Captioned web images
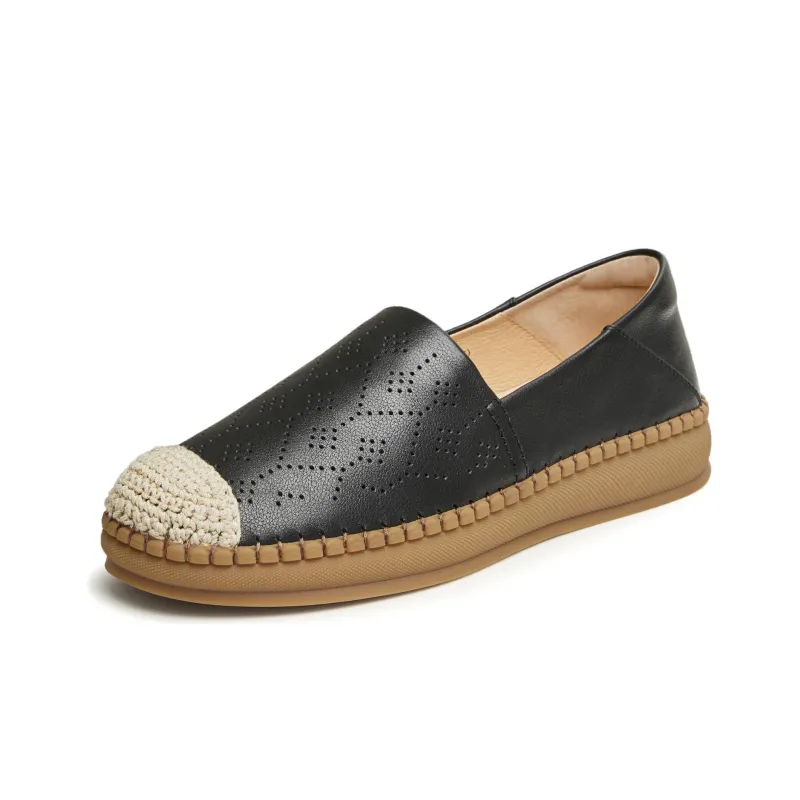Teenmix Espadrilles Women's Pink/Black/Beige-6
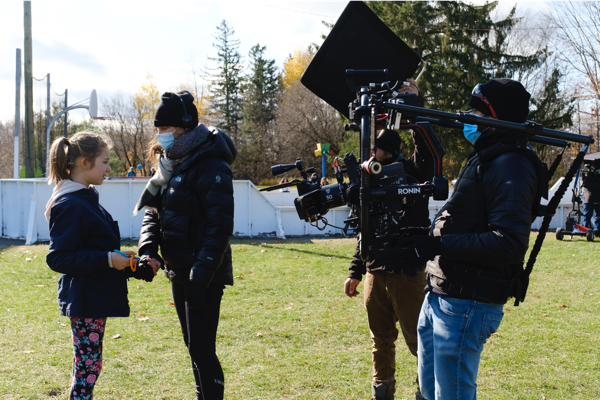 Christine Doyon et Sasha Bergeron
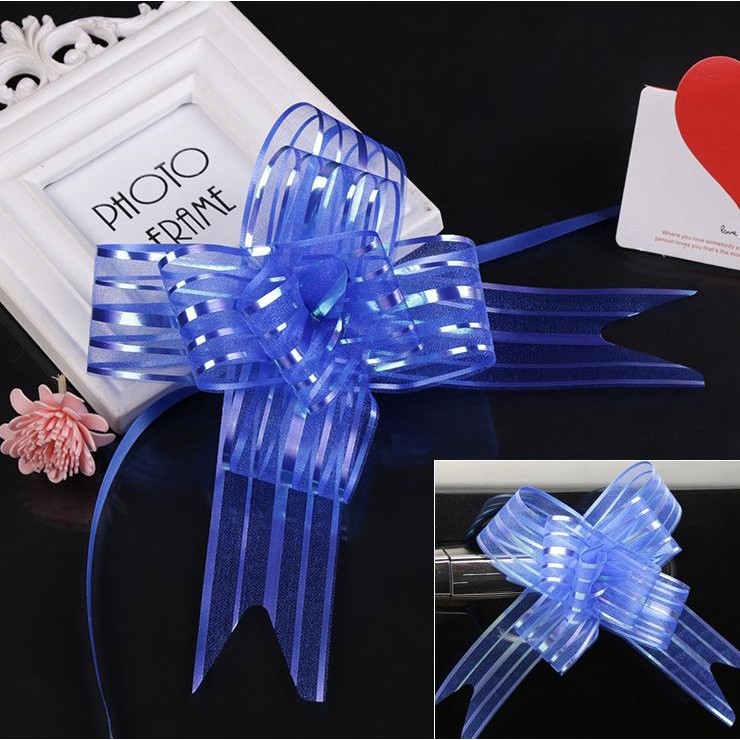 1pc 5cm Gift Packing Pull Bow Ribbons Birthday Christmas New Year Wedding Party Car Decoration DIY(1427L) - Image 12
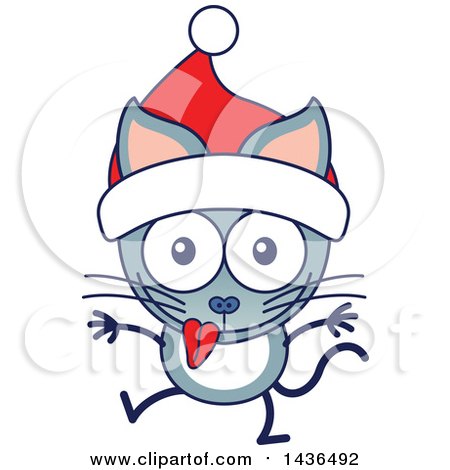 450x470 Royalty Free Vector Clip Art Illustration Of A Scared Cat Running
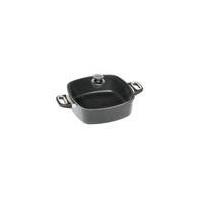 square pan with lid 28 x 28 cm 7 cm high 4 litres westfalia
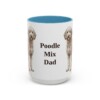 15oz Poodle Mix Dog Dad Mug, Light Blue, front view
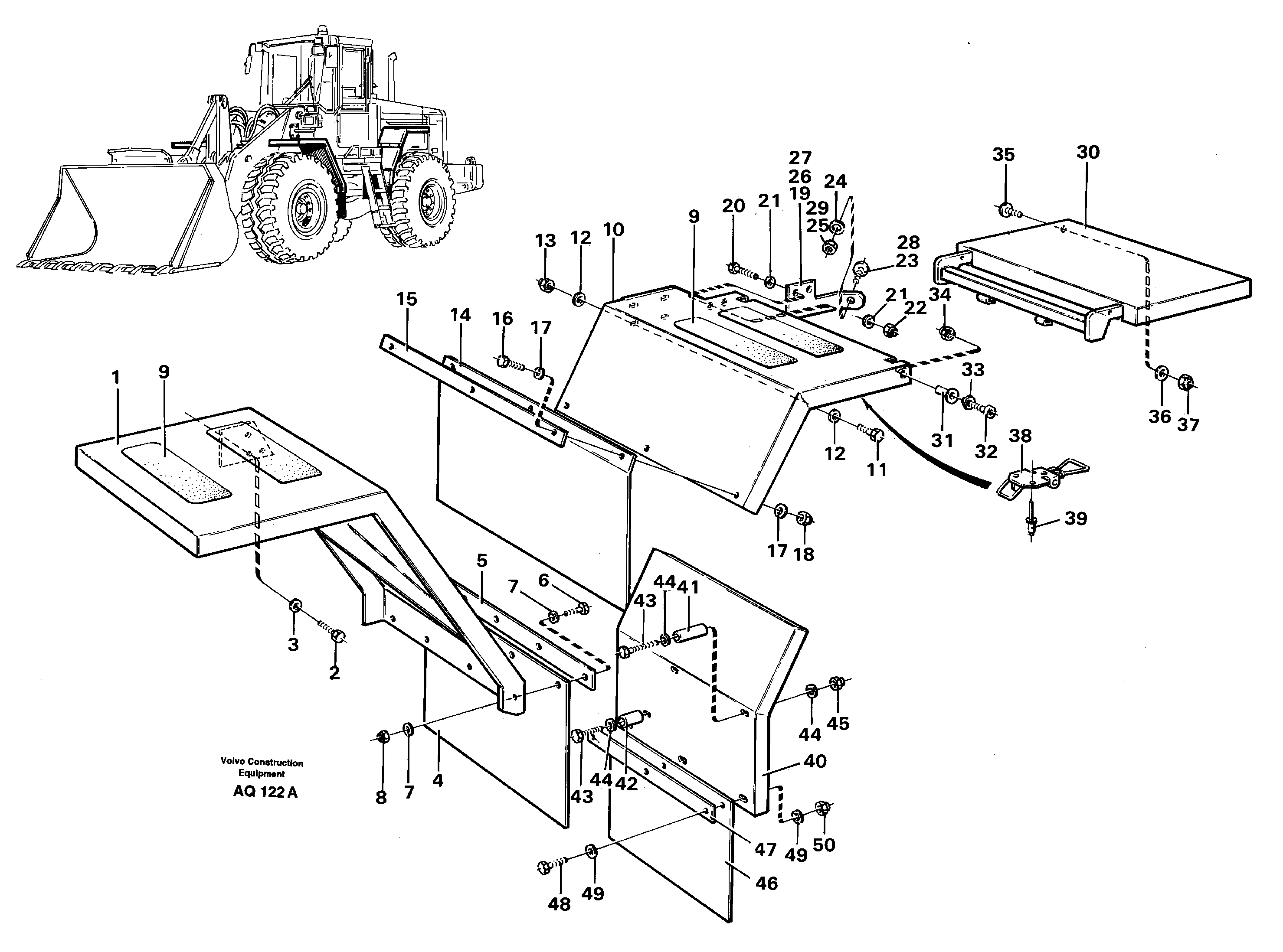 Mud guards — volvo parts diagram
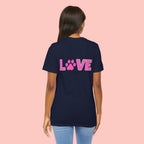 Dog Mom Love T-Shirt — "LOVE" Paw Graphic Tee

* **THE TASK**
The stretch above running from the line with "Christine Doyon et Sasha Bergeron" through the line with "15oz Poodle Mix" is all you should copy, exactly, leaving out the pictures.

* **PROBLEM SOLUTION**
 Christine Doyon et Sasha Bergeron
 1pc 5cm Gift Packing Pull Bow Ribbons Birthday Christmas New Year Wedding Party Car Decoration DIY(1427L) - Image 12
 450x470 Royalty Free Vector Clip Art Illustration Of A Scared Cat Running
 square pan with lid 28 x 28 cm 7 cm high 4 litres westfalia
 15oz Poodle Mix Dog Dad Mug, Light Blue, front view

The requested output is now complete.